The Jewish mystics pointed out the linguistic strangeness of this sentence. It should have said, ‘I will dwell in it’, not ‘I will dwell in them’. The answer is that the Divine presence lives not in a building but in its builders; not in a physical place but in the human heart. The sanctuary was not a place in which the objective existence of G-d was somehow more concentrated than elsewhere. Rather, it was a place whose holiness had the effect of opening the hearts of those who stood there to the One worshiped there. G-d exists everywhere, but not everywhere do we feel the presence of G-d in the same way. The essence of ‘the holy’ is that it is a place where we set aside all human ‘devices and desires’ and enter a domain wholly set aside to G-d.

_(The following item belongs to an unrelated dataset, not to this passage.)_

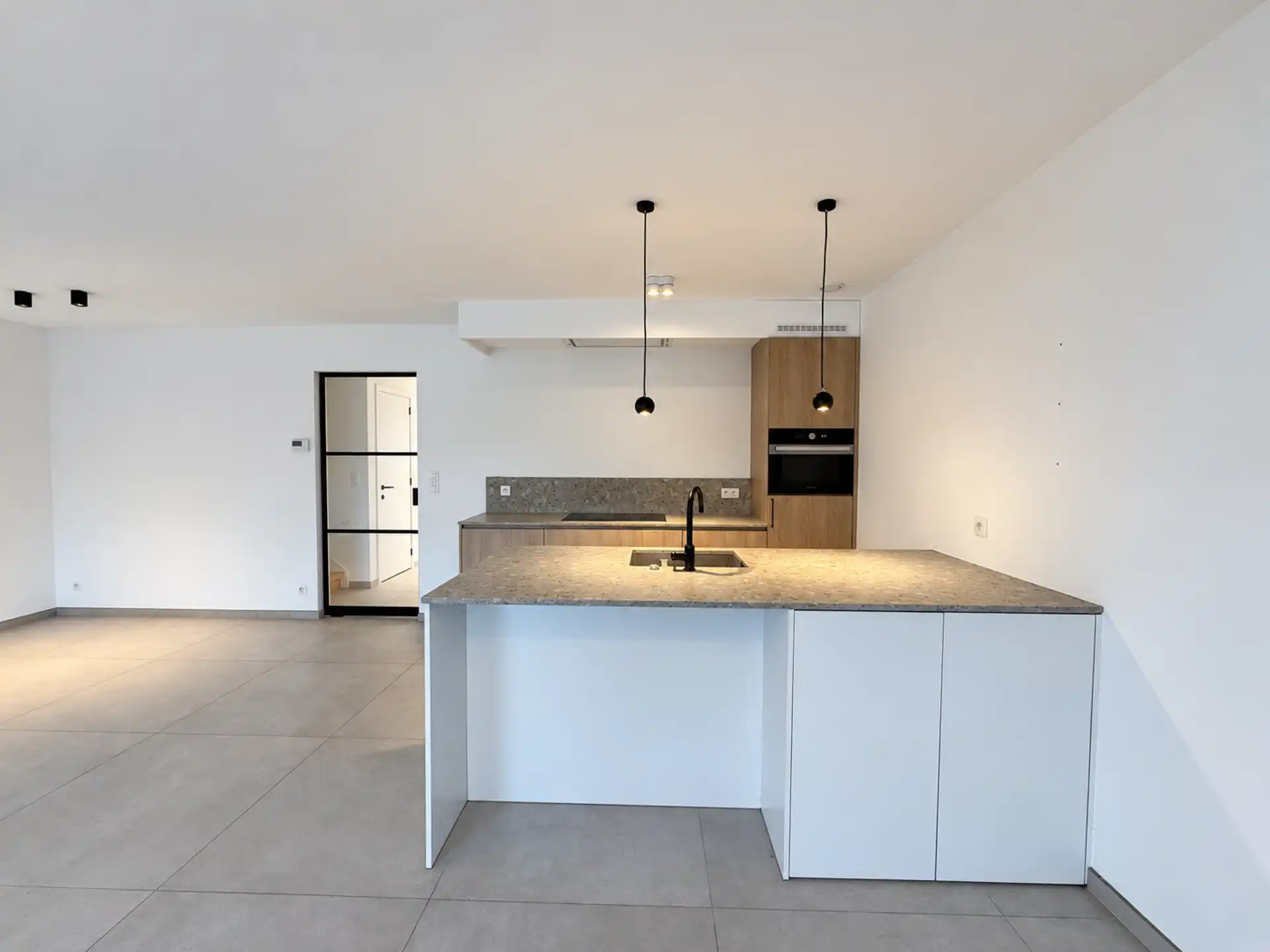 Moderne, energiezuinige woning met drie slaapkamers foto 3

If the concept of the mishkan, the Tabernacle, is that G-d lives in the human heart whenever it opens itself unreservedly to heaven, then its physical location is irrelevant. Thus the way was open, seven centuries later, to the synagogue, the supreme statement of the idea that if G-d is everywhere, He can be reached anywhere. I find it moving that the frail structure described in this week’s sedra became the inspiration of an institution that, more than any other, kept the Jewish people alive through almost 2,000 years of dispersion – the longest of all journeys through the wilderness.